DATA SHOWN START

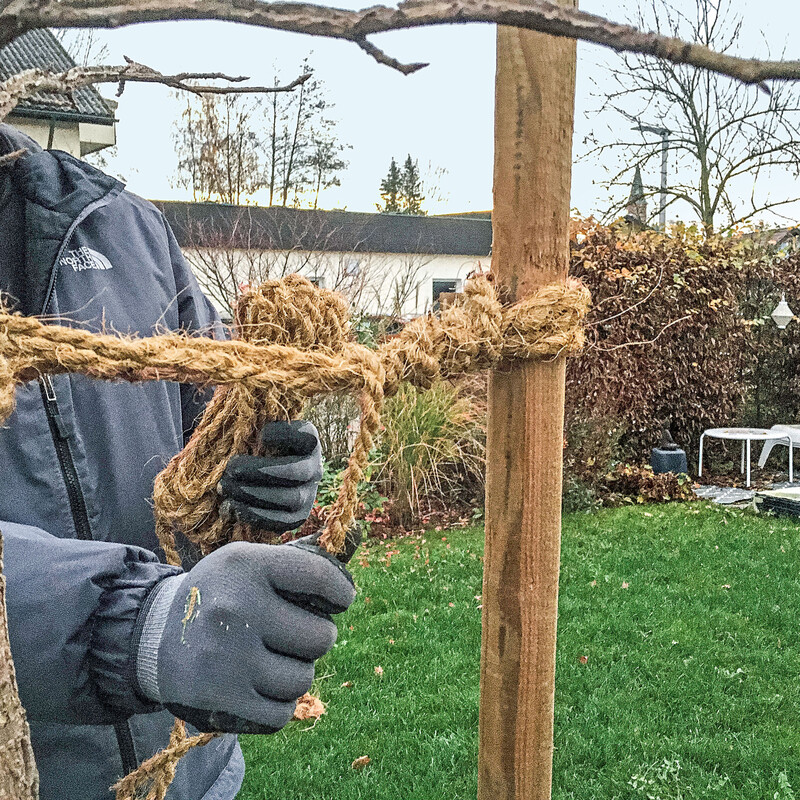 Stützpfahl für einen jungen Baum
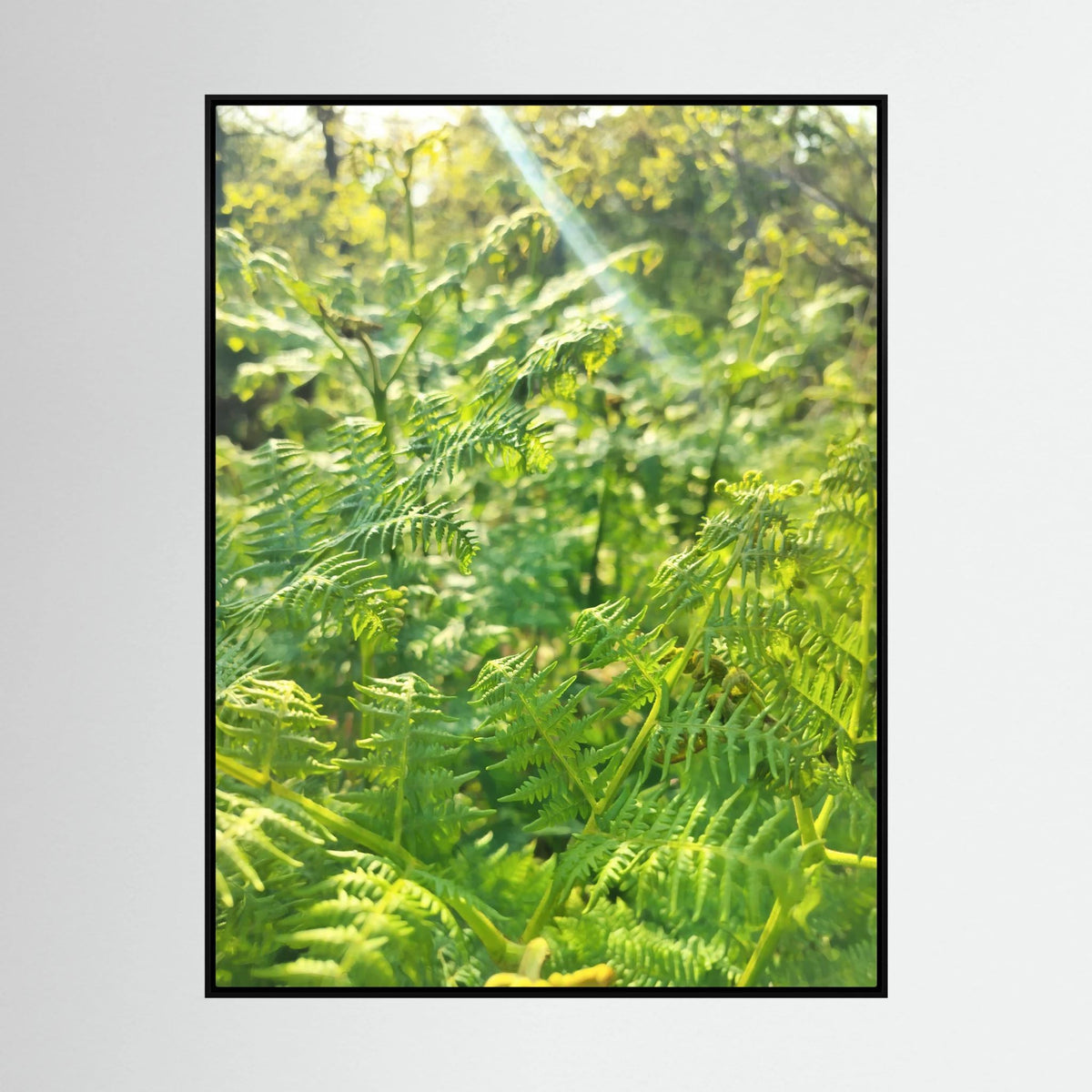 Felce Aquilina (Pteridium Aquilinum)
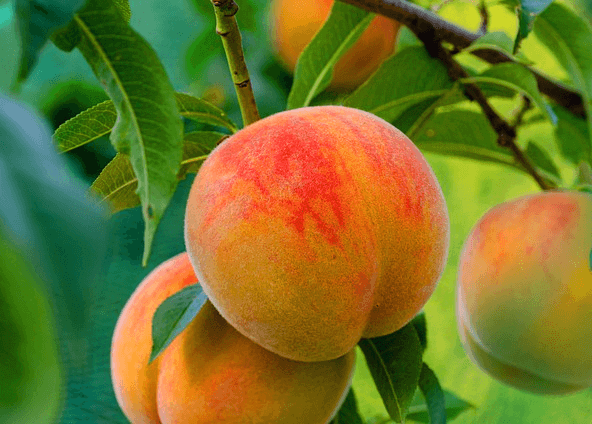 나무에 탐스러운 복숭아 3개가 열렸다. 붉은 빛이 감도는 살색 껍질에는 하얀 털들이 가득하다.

DATA SHOWN END

# WHAT YOU ARE ASKED TO DO:
Leave out all pictures, then copy the remaining material exactly.

# WRITTEN RESPONSE:
 Stützpfahl für einen jungen Baum
 Felce Aquilina (Pteridium Aquilinum)
 나무에 탐스러운 복숭아 3개가 열렸다. 붉은 빛이 감도는 살색 껍질에는 하얀 털들이 가득하다.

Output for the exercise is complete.